Requires using the –mfoff switch, and the –thresh=-14.50.  Tried different MF offsets, and the

best appears to simply disable MF.  On Carpenters below, it appears that there was a level

offset – odd.  Don’t really know what is going on.

ABBA (vast collection of various Polar, Polydor,Atlantic, etc versions)

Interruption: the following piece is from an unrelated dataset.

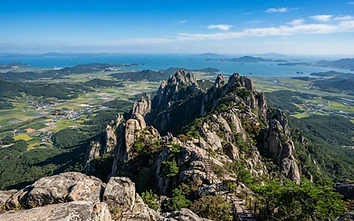 Wolchulsan Sanseongdae Ridge Hiking Tour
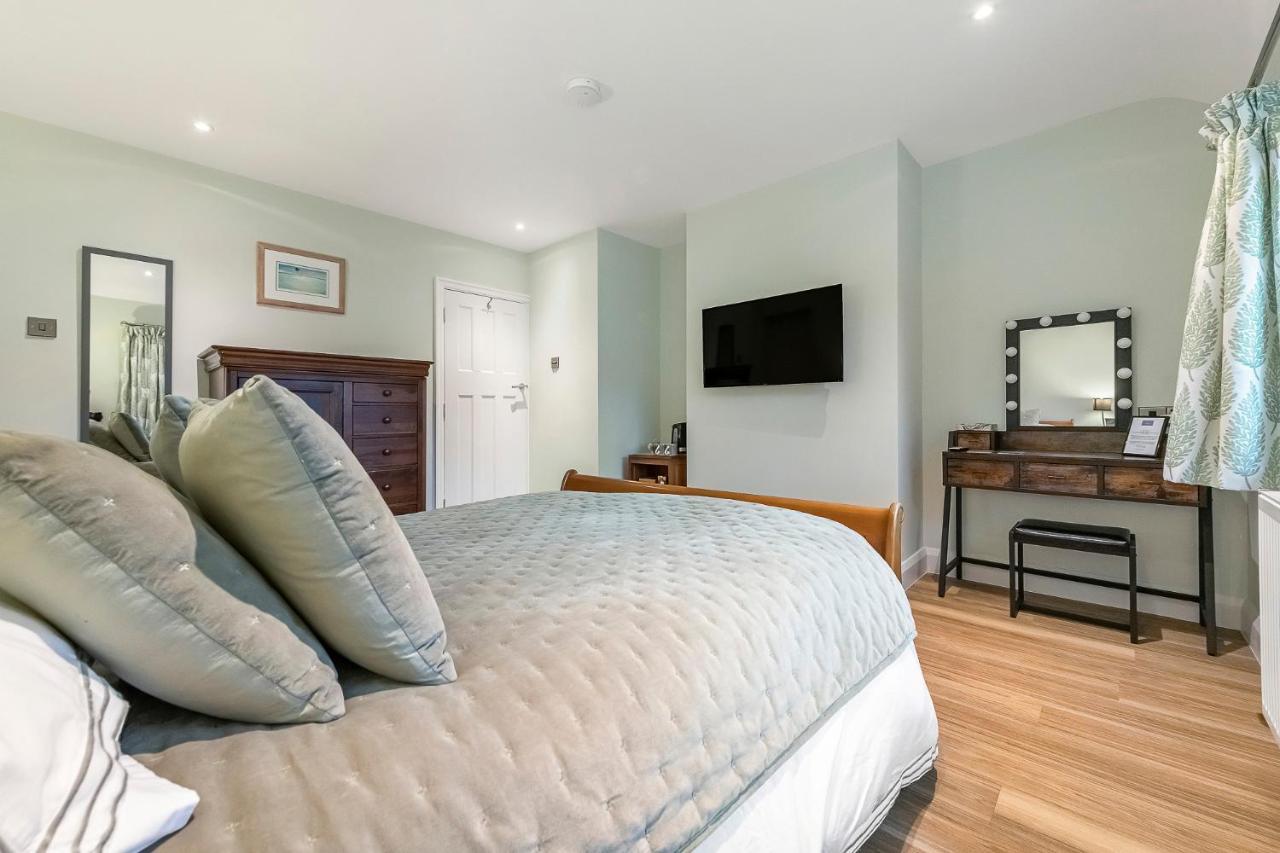 Westleigh Hotel Ashtead Eksteriør billede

decoding is useless due to further compression/processing/etc.

Carpenters 1969-1971

--thresh=-15.65

Carpenters 1972,1973,1975-1977

--thresh=-14.50  (Previous version of the decoder had troubles with these recordings, but now

the problem is fixed.)

Herb Alpert – The Very Best

--thresh=-15.6 (really hard to determine!!!)

Olivia, Olivia!

--thresh=-15.50

Olivia, Let me be there (US)

--thresh=-15.50

Olivia, If you love me

--thresh=-15.7

Olivia, Let me be there (music makes my day)

(probably not encoded)

Olivia, Long live love

(probably not encoded)

Olivia, Clearly love

--thresh=-15.75

Olivia, Have you never been mellow

--thresh=-15.75

Suzanne Vega (with Luka, the mp3 song – the diner song at the beginning)

--thresh=-15.75

Cars – (a greatest hits type collection) (1: just what I needed, 2: my best friends girl)

--thresh=-15.75

Simon&Garfunkel – Parsely, Sage, Rosemary, Thyme

--thresh=-15.65

Simon&Garfunkel – Bridge Over Troubled Water

--thresh=-15.75

Simon&Garfunkel – Sounds of Silence

--thresh=-15.65

Queen – Greatest Hits

--thresh=-15.50

Carly Simon – Greatest Hits

--thresh=-15.60

 

 

Chicago – Greatest Hits (cheap bargain CD)

--thresh=-15.50

Sergio Mendes – Brasil’66

--thresh=-15.75

Burt Bacharach – Greatest Hits (2 disk)

--thresh=15.55

Dionne Warwick – Greatest Hits (2 disk)

--thresh=15.65

Carpenters – from Hdtracks

--thresh=-15.7

Paul McCartney/Wings unlimited from Hdtracks

--thresh=-15.6

 

 

In all of the above – the music is enjoyable whether or not decoded, but there is additional (real technical) quality that can be extracted upon proper decoding!!!